Using the microarray system, "you can tile the entire proteome of the virus with one amino acid overlap," Lipkin said. "That means you are stepping across the entire proteome one amino acid at a time. And that gives you this beautiful pattern of signal when you hit the sweet spot and the epitope that's important. And if you have the appropriate sera so that you can test for its specificity you rapidly get to something that will give you a definitive answer, as we did in this instance."
Lipkin and his colleagues have used the platform for similar serological test development in other diseases. For instance, last month they published a study using peptide microarrays to develop a serological assay capable of identifying individuals exposed to eight tick-borne pathogens.
The microarray system is not suitable for actually clinical testing, however, Lipkin noted, particularly in the resource-constrained areas where Zika has been a major challenge.

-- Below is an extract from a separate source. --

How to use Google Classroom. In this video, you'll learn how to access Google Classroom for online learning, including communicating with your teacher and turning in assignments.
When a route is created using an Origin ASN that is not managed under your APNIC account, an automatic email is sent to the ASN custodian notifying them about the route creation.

In order to convert their findings into a test better suited to the clinical, the researchers developed an ELISA using the NS2B peptide.
Key to doing this was determining what was the ideal length of the peptide for use in the ELISA, Lipkin said.

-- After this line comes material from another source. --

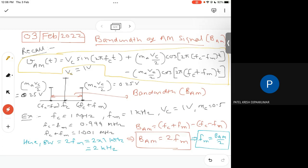The highest frequency is FC plus FM and the lowest frequency is FC minus FM. So the bandwidth of the AM signal is defined as (FC + FM) − (FC − FM), which gives twice of FM. That means the bandwidth of the AM signal is twice the modulating (message) frequency. Alternatively, the maximum modulating frequency equals the AM signal bandwidth divided by two.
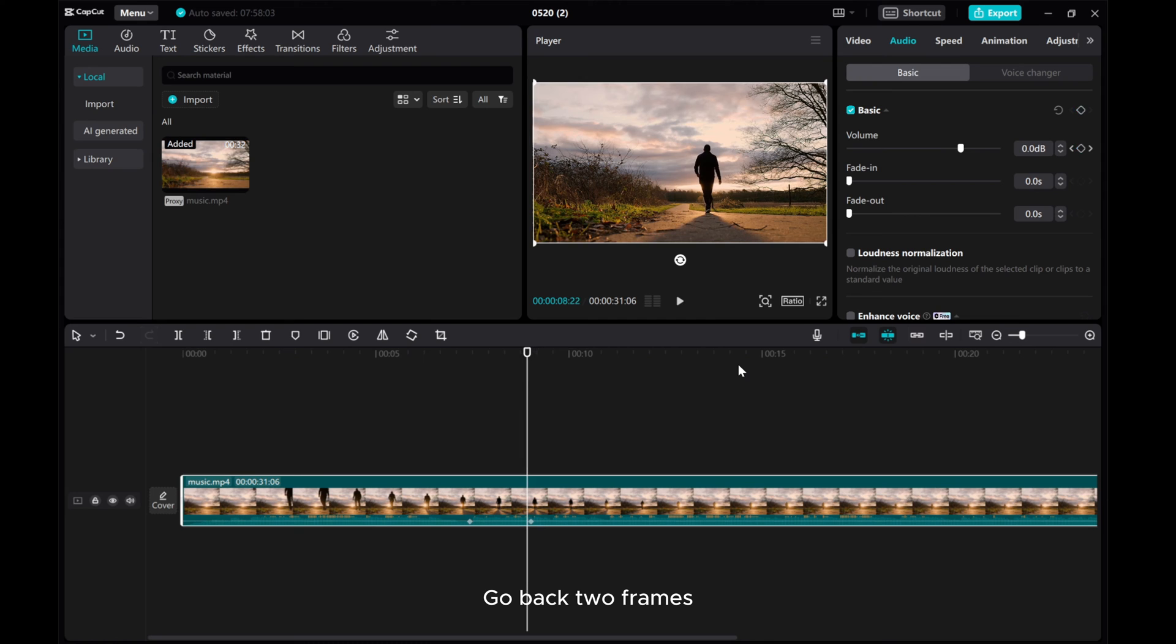Go back a few frames and decrease the volume.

"We started with six-mers, seven-mers, eight-mers, nine-mers, 10-mers, 11-mers, 12-mers, trying to find the regions that were most specific," he said. "And we found that when we started getting below eight residues, the sensitivity began to drop off. So then to really get the maximal sensitivity we created this concatemer of the 12-mer, and that gave us both sensitivity and specificity. So the clue [as to the peptide to use] came from the array, but there was a lot of fine tuning and redesign thereafter."
In the mBio paper, the researchers put forth a process in which patients are tested initially using the ELISA and then patients who receive indeterminate results are tested on the full peptide microarray platform.
However, Lipkin said that a more practical approach would be to do a follow-up test using not the full microarray platform but a multiplexed ELISA featuring a subset of peptides they have determined to be diagnostically useful.
He said he and his colleagues have determined what this subset of peptide would be and are now working to determine the best format for testing them simultaneously. Among the formats they are exploring are lateral flow immunoassays similar to what is used in home pregnancy tests.
"We're at the stage right now where we're trying to come up with a cheaper version that people can run in a more straightforward [way]," Lipkin said, noting that the researchers have submitted the test for a patent.
A number of other companies and researchers are similarly working on serological tests for Zika. Lipkin said that another research group recently contacted him to see if he had patented the NS2B peptide, which they had determined could be diagnostically useful via their own independent efforts.
Last month, researchers at Rheonix and the New York University College of Dentistry published on a nucleic acid and antibody-based test for Zika that similarly used peptide microarrays to identify Zika peptides for serological testing.
Last year, Chembio Diagnostics received US Food and Drug Administration emergency-use authorization for its DPP Zika System, which detects IgM antibodies to Zika in fingerstick blood samples.
Also last year, the FDA issued an emergency-use authorization for Siemens Healthcare Diagnostics' Advia Centaur Zika test for qualitative detection of Zika virus IgM antibodies in human serum and plasma.